Data records:
==========
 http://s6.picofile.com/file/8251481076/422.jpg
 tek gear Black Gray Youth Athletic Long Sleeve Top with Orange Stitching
==========
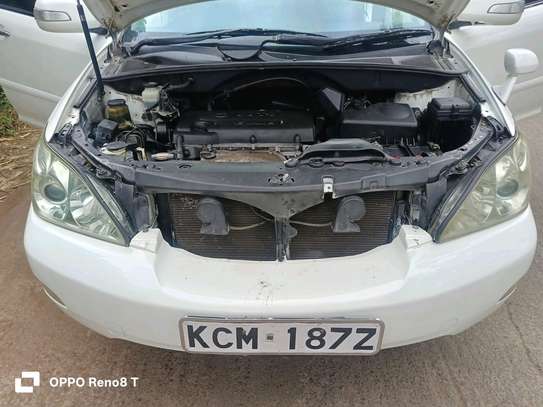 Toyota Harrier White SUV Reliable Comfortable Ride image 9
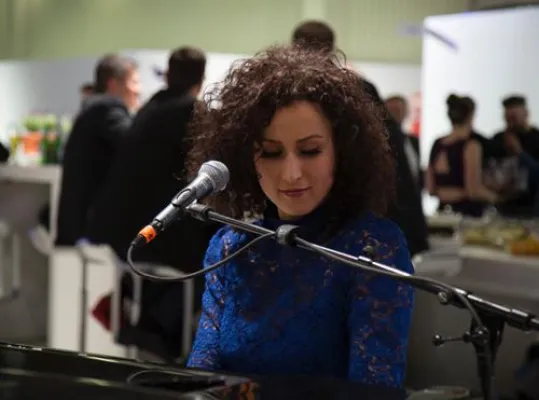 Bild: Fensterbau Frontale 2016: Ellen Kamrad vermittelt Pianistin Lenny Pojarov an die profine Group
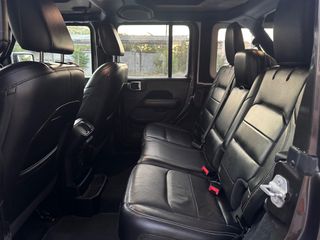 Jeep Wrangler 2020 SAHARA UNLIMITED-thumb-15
==========
Task directions: Look in the material above for the line with "http://s6.picofile.com/file/8251481076/422.jpg" and the line with "tek gear Black", and transcribe exactly those lines and all lines between them, nothing more.

Solution to the problem:
 http://s6.picofile.com/file/8251481076/422.jpg
 tek gear Black Gray Youth Athletic Long Sleeve Top with Orange Stitching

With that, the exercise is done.